■ **What is needed**: Copy each line below as it stands, but skip any picture it contains.

■ **Raw data**:
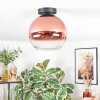 Koyoto ceiling light, globe light clear, coppery, 1-light source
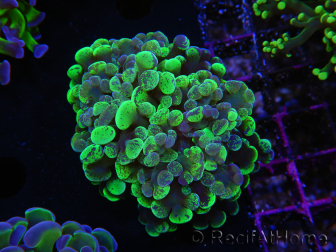WYSIWYG Euphyllia paraancora (Elevage Recifathome) 23G2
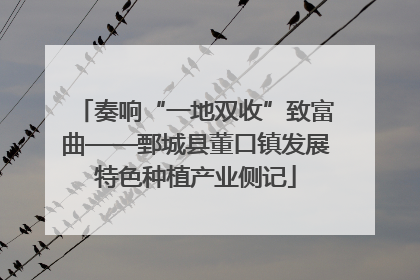 奏响“一地双收”致富曲——鄄城县董口镇发展特色种植产业侧记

■ **Answer below**:
 Koyoto ceiling light, globe light clear, coppery, 1-light source
WYSIWYG Euphyllia paraancora (Elevage Recifathome) 23G2
 奏响“一地双收”致富曲——鄄城县董口镇发展特色种植产业侧记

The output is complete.